Просторная гостиная. Приносят чай и кофе. Хозяин говорит, чтобы все поставили на стол и больше без приглашения нас не беспокоили.
– Что вам поведал ваш друг Бар?
Начало обещающее. Слово «друг» произносится с нескрываемой иронией, а не просто на свойственном В. Ульбрихту саксонском диалекте.
– Сколько раз вы с ним встречались в Западном Берлине? Поди, все проблемы успели обсудить.
– От обсуждений ради обсуждений проку не больше, чем от кипячения воды без приправ. Четыре державы занимаются этим двадцать пять лет. Неведомо, сколько бочек выпарили и, обжегшись, дуют на холодное.

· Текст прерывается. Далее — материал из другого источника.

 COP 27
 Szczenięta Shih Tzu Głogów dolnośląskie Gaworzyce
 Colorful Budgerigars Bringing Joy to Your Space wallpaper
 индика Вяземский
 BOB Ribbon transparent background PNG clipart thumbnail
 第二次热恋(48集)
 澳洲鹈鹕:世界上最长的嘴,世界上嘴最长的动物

– Вы, значит, чем-то другим занимаетесь?
– В известном смысле да. Цель – помочь сдвинуть дело с мертвой точки, а не обогатить пропаганду дополнительными аргументами, будто нет предпосылок для положительных подвижек в статус-кво. Разные цели определяют разную технологию диалога. Окончательные выводы преждевременны. Некоторые промежуточные оценки заслуживают внимания. О них мне поручено вас, товарищ Ульбрихт, проинформировать и спросить ваше мнение.
Ставлю собеседников в известность о содержании своих встреч с Э. Баром. Примерно в тех же выражениях, как докладывал Л. И. Брежневу. Разговоры послов четырех держав о генеральном урегулировании выродились в способ ухода от урегулирования, а модель так называемого «технического решения» призвана под видом «оформления сложившейся практики» легализовать нарушение Западом норм, установленных Контрольным советом. Три державы тянут Федеративную Республику назад, прочь от деклараций последней в пользу модус вивенди на основе сложившихся реальностей – всех реальностей, а не избранных, устраивающих лишь одну из сторон.

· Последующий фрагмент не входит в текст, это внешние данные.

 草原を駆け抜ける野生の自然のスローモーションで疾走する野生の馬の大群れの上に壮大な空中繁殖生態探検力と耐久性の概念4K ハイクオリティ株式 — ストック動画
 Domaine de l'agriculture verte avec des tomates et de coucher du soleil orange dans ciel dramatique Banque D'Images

– Вырисовывается возможность – пока не больше, чем возможность, – примерно следующей схемы: подтверждение в общей форме четырехсторонней ответственности за Германию в целом, включая Берлин, как общего фона урегулирования, признание юрисдикции ГДР во всех видах наземных и водных гражданских коммуникаций Западного Берлина при условии ее отказа от претензий на этот город; признание со стороны ФРГ распространения компетенции ГДР на Восточный Берлин, если ГДР в свою очередь примет к сведению сложившееся неполитическое федеральное присутствие в Западном Берлине при подтверждении невхождения этого города в состав ФРГ.

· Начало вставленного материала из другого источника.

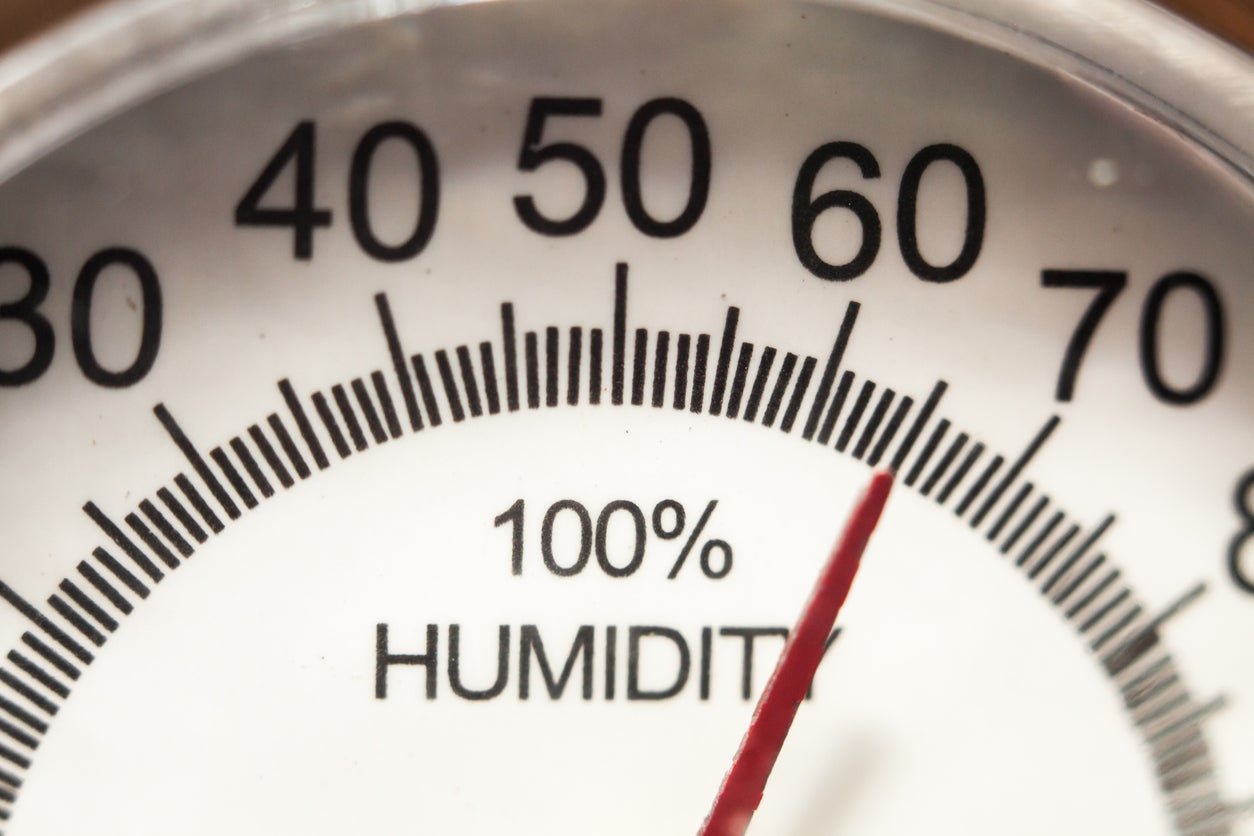 Solved! This Is Your Home’s Ideal Indoor Humidity Level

В. Ульбрихт поднимает палец в знак того, что у него есть вопросы или возражения. В. Штоф замечает:
– Вальтер, дай товарищу Фалину закончить сообщение.
– Пожалуйста, продолжайте, – соглашается Ульбрихт.
Подробно излагаю ход обмена мнениями с Э. Баром насчет правовых оснований для проезда (провоза) через территорию ГДР в Западный Берлин и из него. Не забываю сказать о пожеланиях западных немцев касательно поддержания родственных связей в разделенном городе. Выделяю два момента: а) признается, что конкретные условия пользования в гражданских целях коммуникациями, пролегающими по территории ГДР, определяют власти Республики; поэтому в соглашении четырех могут декларироваться лишь общие положения; детальное регламентирование – задача отдельной договоренности между ГДР, Западным Берлином и ФРГ; б) вводится понятие «транзит» с отсылкой на обычные в подобных случаях международные правила.